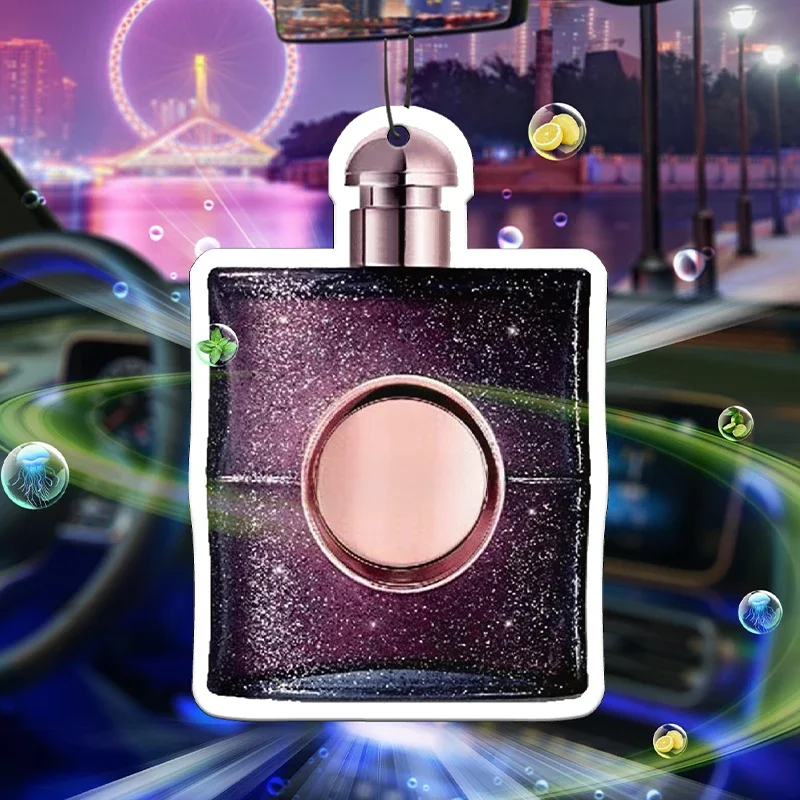 Bouteille de parfum violette en verre, aromathérapie montée sur voiture, parfum de voiture, parfum longue durée, pendentif, pièce hors de la bouche f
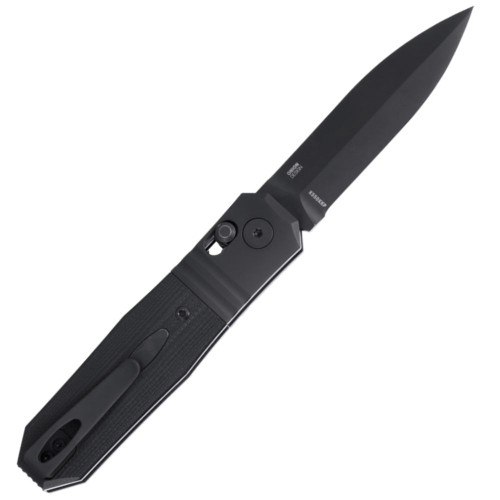 CRKT Redemption Compact 5322 profile view showing 3.28 inch MagnaCut black Cerakote spear point blade and G-10 handle with stainless steel bolster.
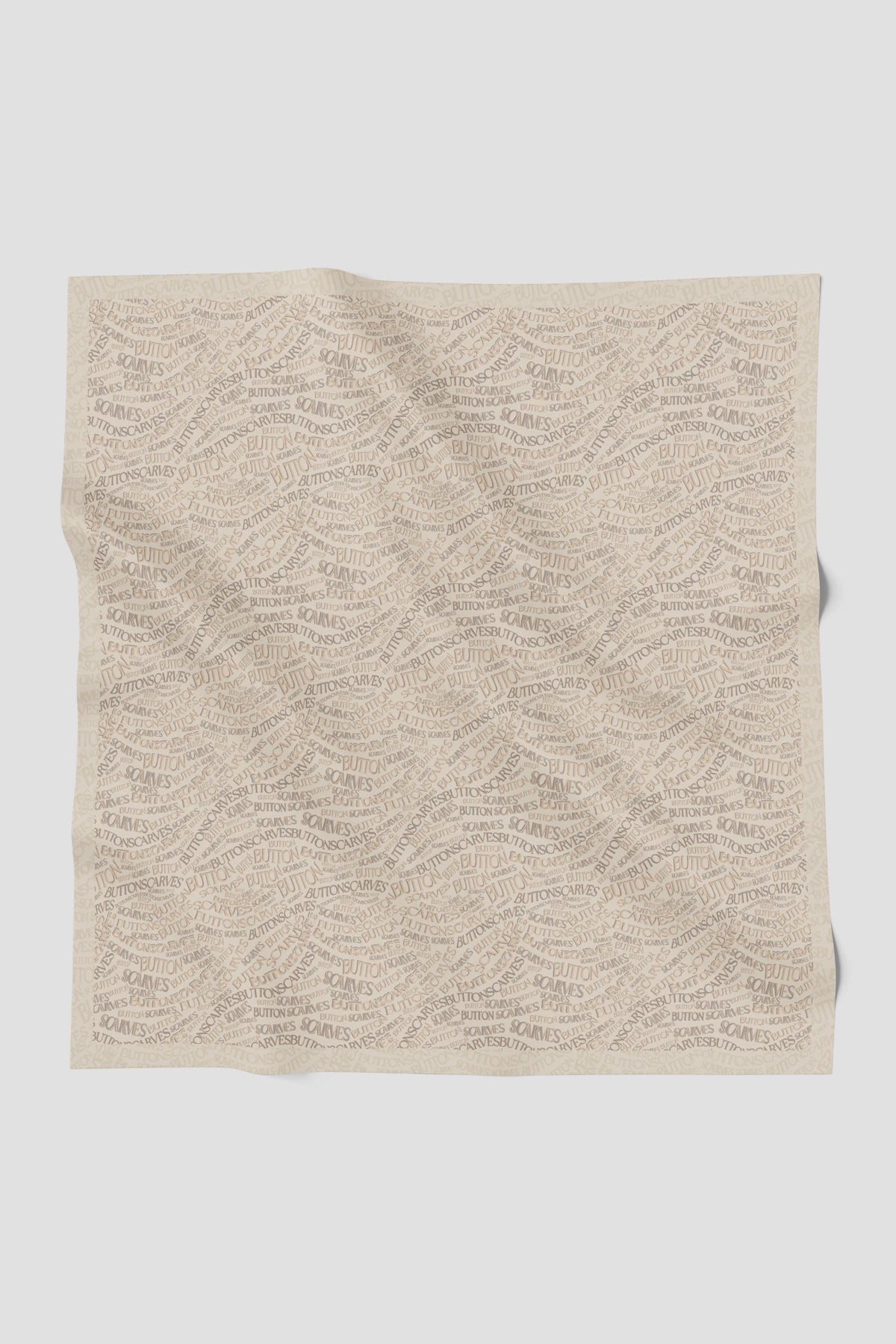waves monogram printed square scarf in sandshell by buttonscarves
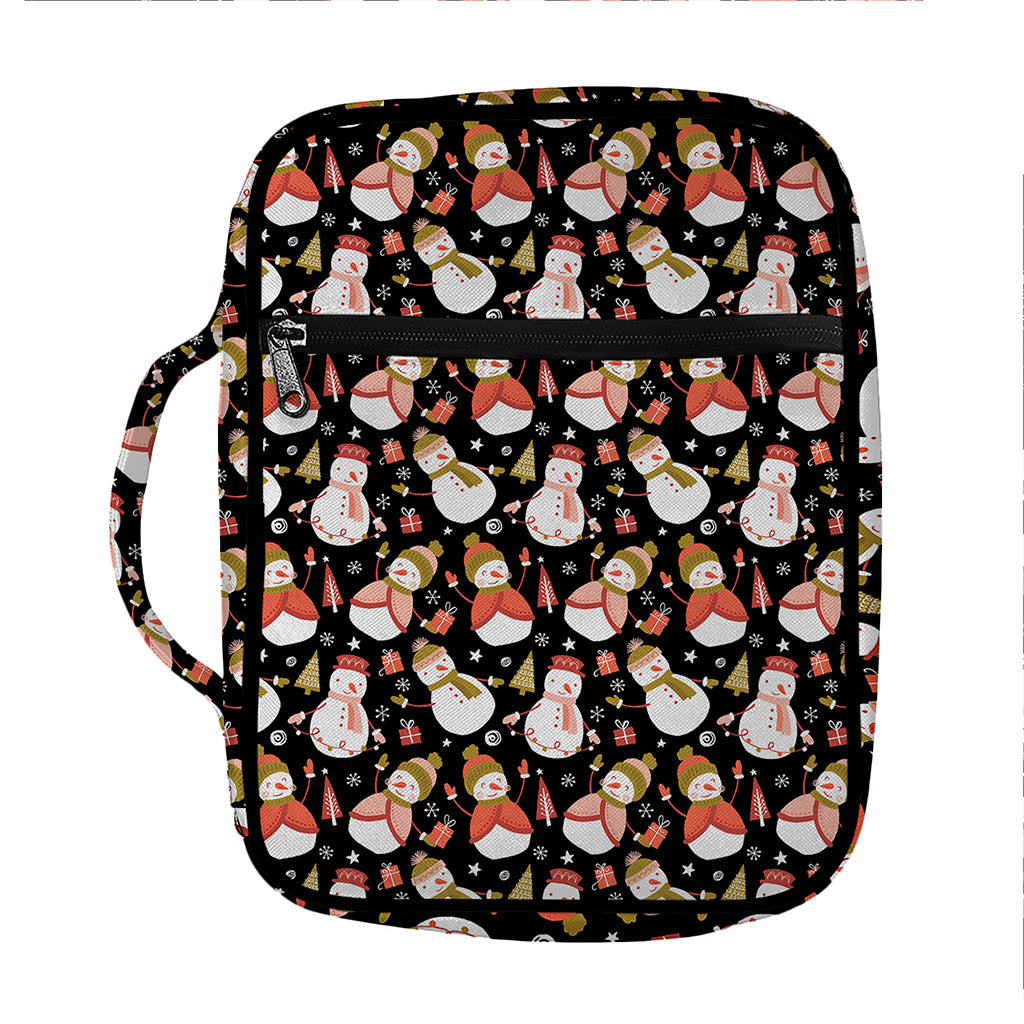 Holiday Snowman Pattern Print Front Pocket Bible Bag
....................
» **ACTIVITY**
Print the whole listing above exactly, and keep every picture out of the copy.

» **ANSWER FOR THE TASK**
 Bouteille de parfum violette en verre, aromathérapie montée sur voiture, parfum de voiture, parfum longue durée, pendentif, pièce hors de la bouche f
 CRKT Redemption Compact 5322 profile view showing 3.28 inch MagnaCut black Cerakote spear point blade and G-10 handle with stainless steel bolster.
waves monogram printed square scarf in sandshell by buttonscarves
 Holiday Snowman Pattern Print Front Pocket Bible Bag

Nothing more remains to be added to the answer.